▶ PROBLEM REQUIREMENTS: Scan the records below and say how many lines include the word "Used", giving no other text.

▶ SUPPLIED MATERIAL:
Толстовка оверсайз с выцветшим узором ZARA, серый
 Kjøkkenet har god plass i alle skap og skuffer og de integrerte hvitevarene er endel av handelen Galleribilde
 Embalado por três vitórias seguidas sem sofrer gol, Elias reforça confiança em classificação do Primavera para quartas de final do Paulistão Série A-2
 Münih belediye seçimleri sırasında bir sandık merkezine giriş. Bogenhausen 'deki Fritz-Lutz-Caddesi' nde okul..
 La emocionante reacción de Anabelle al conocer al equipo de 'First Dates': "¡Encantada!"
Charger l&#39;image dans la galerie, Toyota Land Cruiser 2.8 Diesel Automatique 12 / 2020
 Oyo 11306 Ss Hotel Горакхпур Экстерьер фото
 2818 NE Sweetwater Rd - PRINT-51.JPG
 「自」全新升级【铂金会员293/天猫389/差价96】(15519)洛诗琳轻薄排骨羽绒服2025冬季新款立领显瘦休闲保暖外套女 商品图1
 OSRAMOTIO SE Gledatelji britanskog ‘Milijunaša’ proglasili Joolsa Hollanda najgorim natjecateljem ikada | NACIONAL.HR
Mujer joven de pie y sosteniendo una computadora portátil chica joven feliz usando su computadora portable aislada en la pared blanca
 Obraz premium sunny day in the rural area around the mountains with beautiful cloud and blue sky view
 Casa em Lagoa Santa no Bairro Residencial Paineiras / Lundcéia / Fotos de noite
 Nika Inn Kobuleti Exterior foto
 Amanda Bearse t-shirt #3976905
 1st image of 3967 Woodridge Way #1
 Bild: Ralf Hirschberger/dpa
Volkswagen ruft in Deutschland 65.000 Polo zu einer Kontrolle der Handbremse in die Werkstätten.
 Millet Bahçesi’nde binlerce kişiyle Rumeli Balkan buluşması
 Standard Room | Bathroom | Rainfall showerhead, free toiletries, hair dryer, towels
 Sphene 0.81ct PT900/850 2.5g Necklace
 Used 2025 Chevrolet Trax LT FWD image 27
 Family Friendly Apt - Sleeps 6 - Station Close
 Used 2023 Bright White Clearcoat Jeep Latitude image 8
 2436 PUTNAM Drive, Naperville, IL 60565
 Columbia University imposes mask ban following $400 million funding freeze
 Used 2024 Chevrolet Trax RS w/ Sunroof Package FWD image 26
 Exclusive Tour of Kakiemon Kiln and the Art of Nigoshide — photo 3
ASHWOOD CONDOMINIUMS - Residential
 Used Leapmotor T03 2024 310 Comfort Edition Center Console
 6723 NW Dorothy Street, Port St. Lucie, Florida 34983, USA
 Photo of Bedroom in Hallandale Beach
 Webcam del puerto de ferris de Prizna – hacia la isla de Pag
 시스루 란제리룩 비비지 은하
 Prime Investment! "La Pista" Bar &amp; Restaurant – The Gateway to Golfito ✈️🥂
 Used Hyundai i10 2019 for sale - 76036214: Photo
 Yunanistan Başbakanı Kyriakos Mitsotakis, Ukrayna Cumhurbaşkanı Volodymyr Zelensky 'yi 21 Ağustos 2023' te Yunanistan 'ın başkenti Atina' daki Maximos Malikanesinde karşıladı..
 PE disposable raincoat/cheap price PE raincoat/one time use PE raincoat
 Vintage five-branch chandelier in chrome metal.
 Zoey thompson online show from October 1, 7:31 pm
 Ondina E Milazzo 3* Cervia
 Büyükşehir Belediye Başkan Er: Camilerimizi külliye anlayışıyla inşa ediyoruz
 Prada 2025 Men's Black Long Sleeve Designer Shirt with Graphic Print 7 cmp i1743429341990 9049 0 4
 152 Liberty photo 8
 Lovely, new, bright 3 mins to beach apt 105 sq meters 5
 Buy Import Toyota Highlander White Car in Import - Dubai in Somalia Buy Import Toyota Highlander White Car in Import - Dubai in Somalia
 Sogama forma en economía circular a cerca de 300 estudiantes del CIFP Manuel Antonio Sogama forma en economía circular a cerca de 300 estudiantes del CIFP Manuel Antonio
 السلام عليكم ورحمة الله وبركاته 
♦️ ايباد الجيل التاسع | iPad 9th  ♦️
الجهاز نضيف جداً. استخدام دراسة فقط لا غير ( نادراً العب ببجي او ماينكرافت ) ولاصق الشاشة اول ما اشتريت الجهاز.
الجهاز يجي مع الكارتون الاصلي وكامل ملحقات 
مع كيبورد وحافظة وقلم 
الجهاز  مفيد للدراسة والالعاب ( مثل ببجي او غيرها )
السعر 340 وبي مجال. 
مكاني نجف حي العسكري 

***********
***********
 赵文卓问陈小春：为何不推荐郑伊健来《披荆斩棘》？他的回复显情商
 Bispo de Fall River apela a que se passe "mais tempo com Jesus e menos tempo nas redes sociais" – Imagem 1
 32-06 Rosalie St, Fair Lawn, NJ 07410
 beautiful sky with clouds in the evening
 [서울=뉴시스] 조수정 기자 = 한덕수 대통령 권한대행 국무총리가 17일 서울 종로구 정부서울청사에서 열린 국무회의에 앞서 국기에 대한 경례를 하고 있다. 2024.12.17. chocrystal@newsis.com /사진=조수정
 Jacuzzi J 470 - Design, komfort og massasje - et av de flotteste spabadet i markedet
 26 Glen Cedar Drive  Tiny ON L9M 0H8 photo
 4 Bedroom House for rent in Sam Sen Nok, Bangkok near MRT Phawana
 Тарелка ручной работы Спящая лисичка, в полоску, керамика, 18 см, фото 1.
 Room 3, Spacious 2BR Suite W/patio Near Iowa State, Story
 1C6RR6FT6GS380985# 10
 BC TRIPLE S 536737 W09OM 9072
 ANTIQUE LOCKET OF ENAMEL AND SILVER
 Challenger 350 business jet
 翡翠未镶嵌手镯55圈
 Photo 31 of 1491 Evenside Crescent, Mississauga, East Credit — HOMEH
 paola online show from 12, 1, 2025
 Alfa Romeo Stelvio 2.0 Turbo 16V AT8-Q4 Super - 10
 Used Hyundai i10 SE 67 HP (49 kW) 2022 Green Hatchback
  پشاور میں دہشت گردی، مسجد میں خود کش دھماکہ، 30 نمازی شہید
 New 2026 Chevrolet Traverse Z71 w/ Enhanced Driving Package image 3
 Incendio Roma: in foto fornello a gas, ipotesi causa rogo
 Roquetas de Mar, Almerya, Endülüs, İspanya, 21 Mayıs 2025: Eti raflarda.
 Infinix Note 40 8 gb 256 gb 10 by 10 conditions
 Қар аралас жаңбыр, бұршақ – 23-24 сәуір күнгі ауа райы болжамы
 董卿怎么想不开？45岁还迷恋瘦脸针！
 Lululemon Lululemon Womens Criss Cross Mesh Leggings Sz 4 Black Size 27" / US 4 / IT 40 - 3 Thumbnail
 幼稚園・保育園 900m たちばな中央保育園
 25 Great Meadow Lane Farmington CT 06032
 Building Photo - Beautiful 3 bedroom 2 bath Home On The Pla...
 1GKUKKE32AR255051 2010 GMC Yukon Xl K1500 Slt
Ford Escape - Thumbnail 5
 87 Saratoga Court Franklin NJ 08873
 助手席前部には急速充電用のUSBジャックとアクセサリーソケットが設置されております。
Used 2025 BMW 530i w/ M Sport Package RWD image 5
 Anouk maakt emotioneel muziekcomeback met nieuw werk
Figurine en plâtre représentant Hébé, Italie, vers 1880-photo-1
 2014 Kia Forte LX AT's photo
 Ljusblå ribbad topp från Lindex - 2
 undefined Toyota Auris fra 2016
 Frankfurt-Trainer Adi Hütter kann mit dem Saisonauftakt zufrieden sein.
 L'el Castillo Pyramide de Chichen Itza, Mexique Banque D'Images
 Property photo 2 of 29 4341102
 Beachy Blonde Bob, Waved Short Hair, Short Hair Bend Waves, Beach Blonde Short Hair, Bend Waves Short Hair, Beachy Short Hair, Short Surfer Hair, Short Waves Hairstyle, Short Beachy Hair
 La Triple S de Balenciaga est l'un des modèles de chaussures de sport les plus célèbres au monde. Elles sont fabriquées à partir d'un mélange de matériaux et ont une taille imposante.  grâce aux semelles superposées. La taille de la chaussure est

▶ TASK OUTPUT: 7